Inflated gasesous exoplanets

In collaboration with the MIRI Guaranteed-time observation team, we have conducted the first mid-infrared detection of sulphur dioxide (SO₂) in the atmosphere of WASP-107b, a very low-density super-Neptune at the edge of the Neptunian desert, extending the temperature range of exoplanets exhibiting detected SO₂ from ∼1200 K down to ∼740 K (Rustamkulov et al., 2023; Tsai et al., 2023). The work conducted on atmospheric retrievals not only indicates the prevalence of photochemistry in the upper atmosphere but also reveals the presence of silicate clouds. This work leaves open questions regarding the role of disequilibrium chemistry in the atmosphere of this super-Neptune. The study of photochemistry is therefore a strong entry point to understanding the upper atmospheric irradiation processes that govern such transitional planets.
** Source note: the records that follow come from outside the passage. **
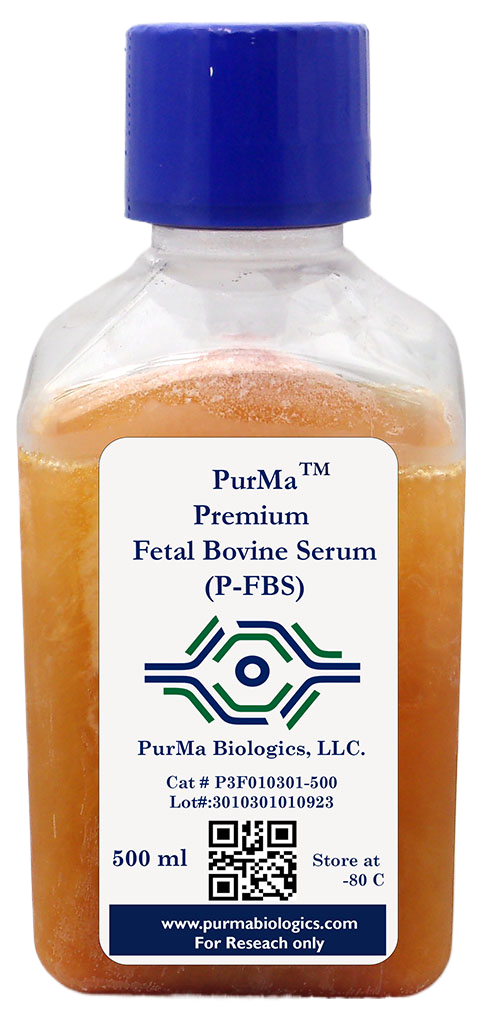 PurMa ™Premium Fetal Bovine Serum (P-FBS)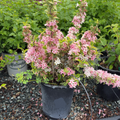 Variegated Weigela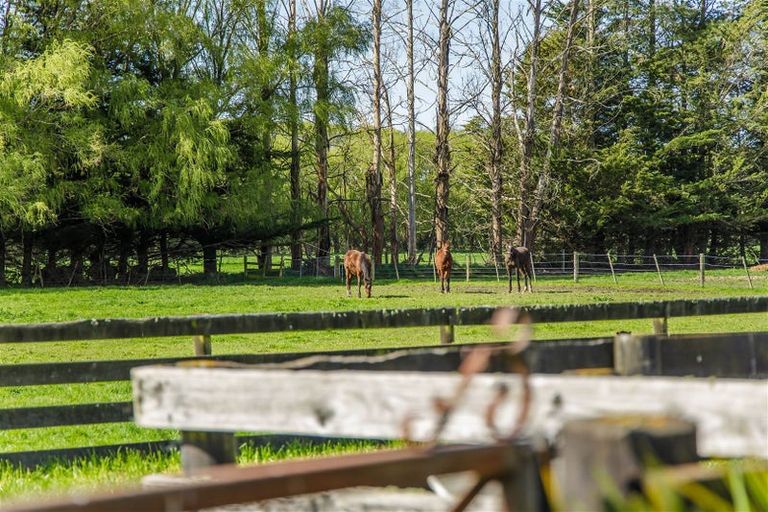 Photo of property in 78 Skewbridge Road, Flaxton, Kaiapoi, 7691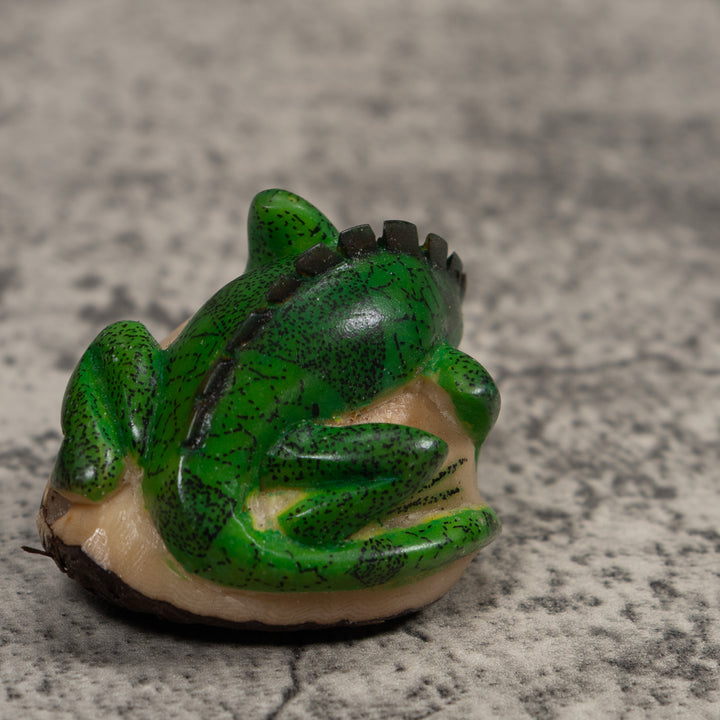 Iguana Lizard Reptile Tagua Carving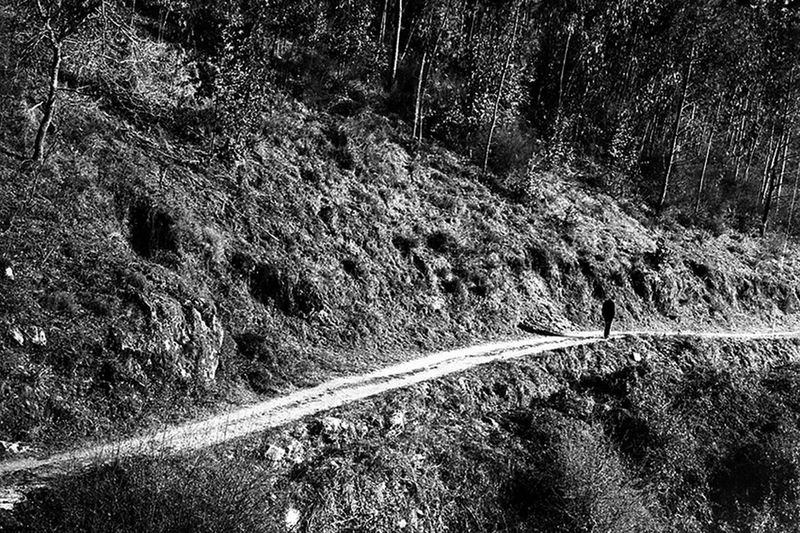 © Maria Oliveira - man going home, ponte de lima, portugal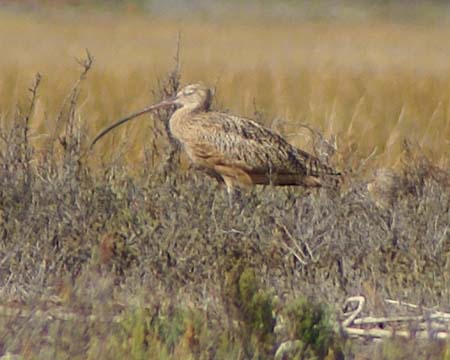 LongBilledCurlew00067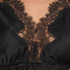 Butterfly Top Legacy, Czarny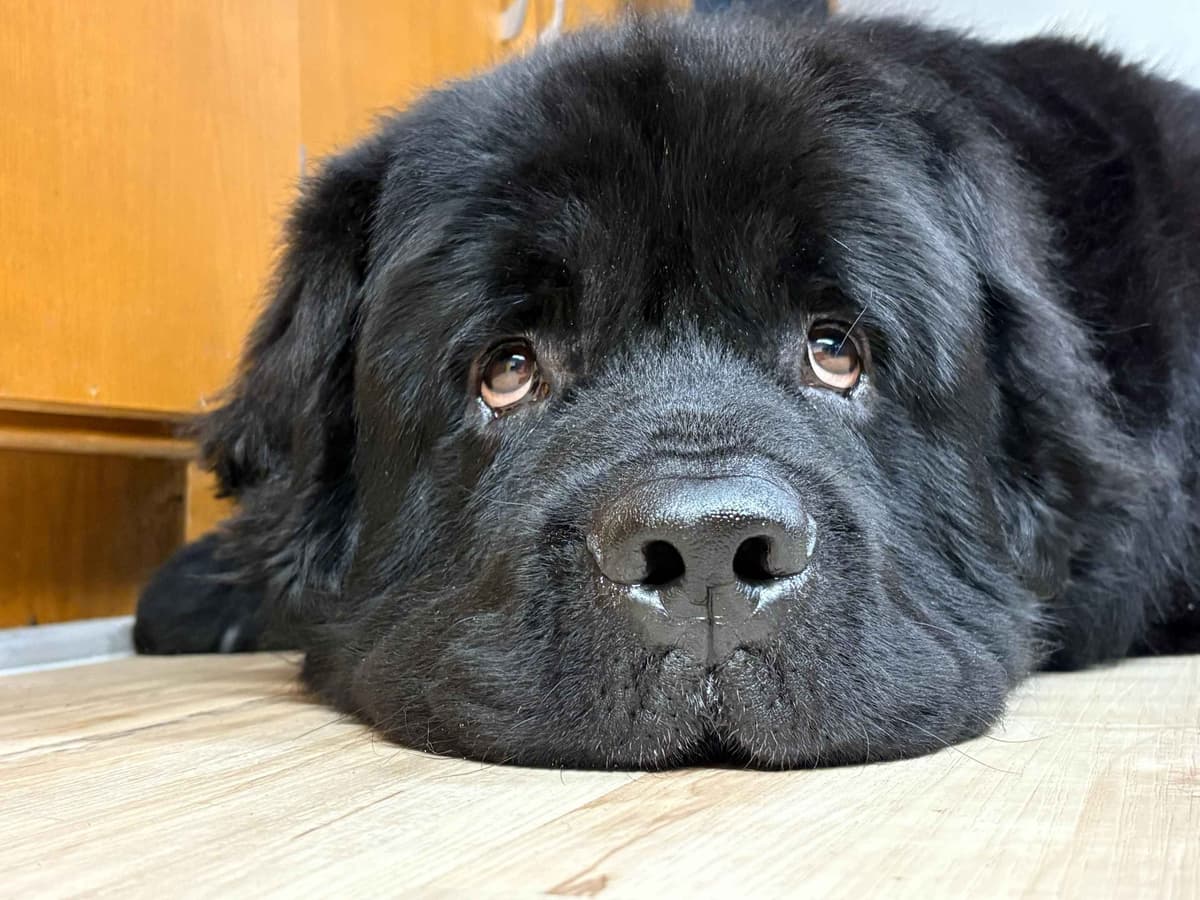 Newfoundland Puppies breeder image 3
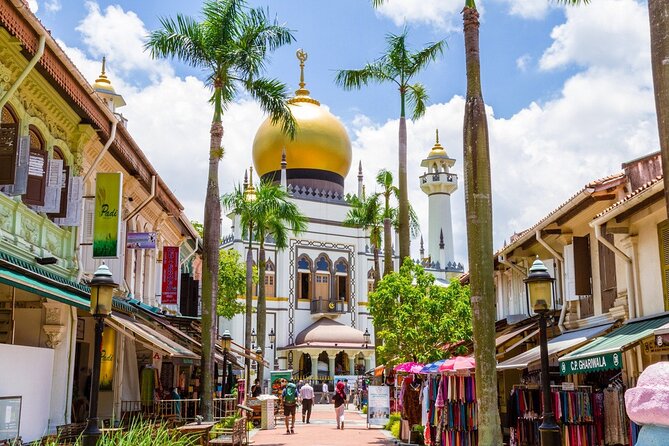 Private Car Tour for Singapore Highlights and Hidden Gems - National Museum of Singapore and Sri Veeramakaliamman Temple: arts plus race and religion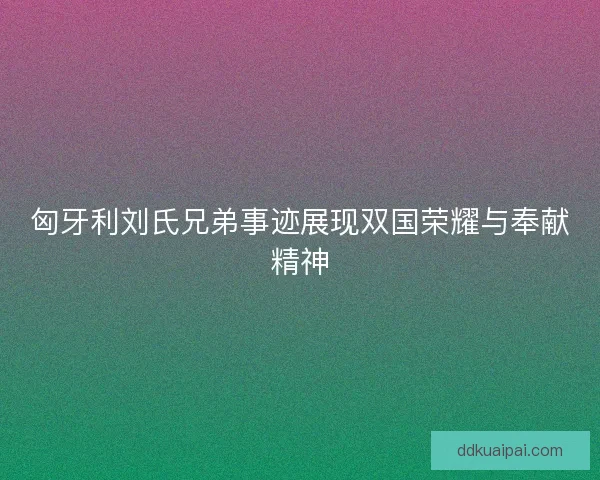 匈牙利刘氏兄弟事迹展现双国荣耀与奉献精神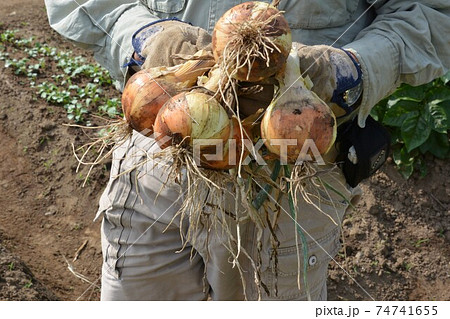 家庭菜園・畑作業あれこれ 家庭菜園・畑作業あれこれ 74741655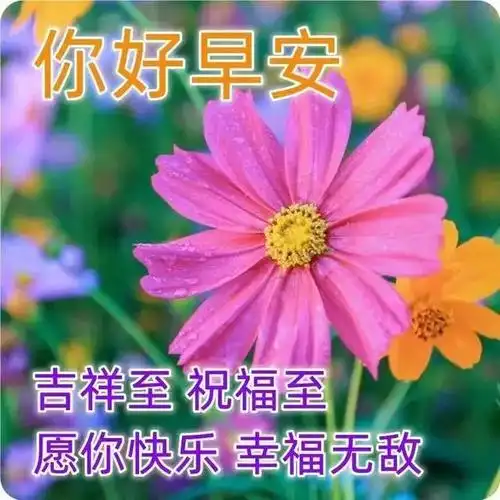 一声快乐,开心您我.愿我们岁岁平安!健康幸福!开心永远!早上好!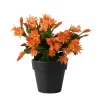Orange Easter Cactus Live Plant 4-6 Inch - Spring Blooming Houseplant, Easy Care Indoor - Image 1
Most of detected exoplanets orbit really close to their star, undeniably facing strong irradiation conditions. Due to this irradiation, low mass planets such as Neptune-like ones are likely to face atmospheric escape and a drastic increase of their atmospheric scale height. The non-trivial link between irradiation, planetary gravity, temperature and chemistry at work in the upper atmosphere has never been made through observation. In that context, the accepted JWST cycle 2 proposal (PID 2950), that I am associated with, will sound the presence of photochemistry in the atmosphere of 3 exoplanets, experiencing different irradiation conditions. Using the refractory nature of sulphur we will start constraining the elemental ratios (Turrini et al., 2021). Next step is to obsreve cooler irradiated transitional planets to sound their full phase-curve (when the planet emission is tracked along an entire orbit) in search of photochemistry on the day-side and clouds on the night-side.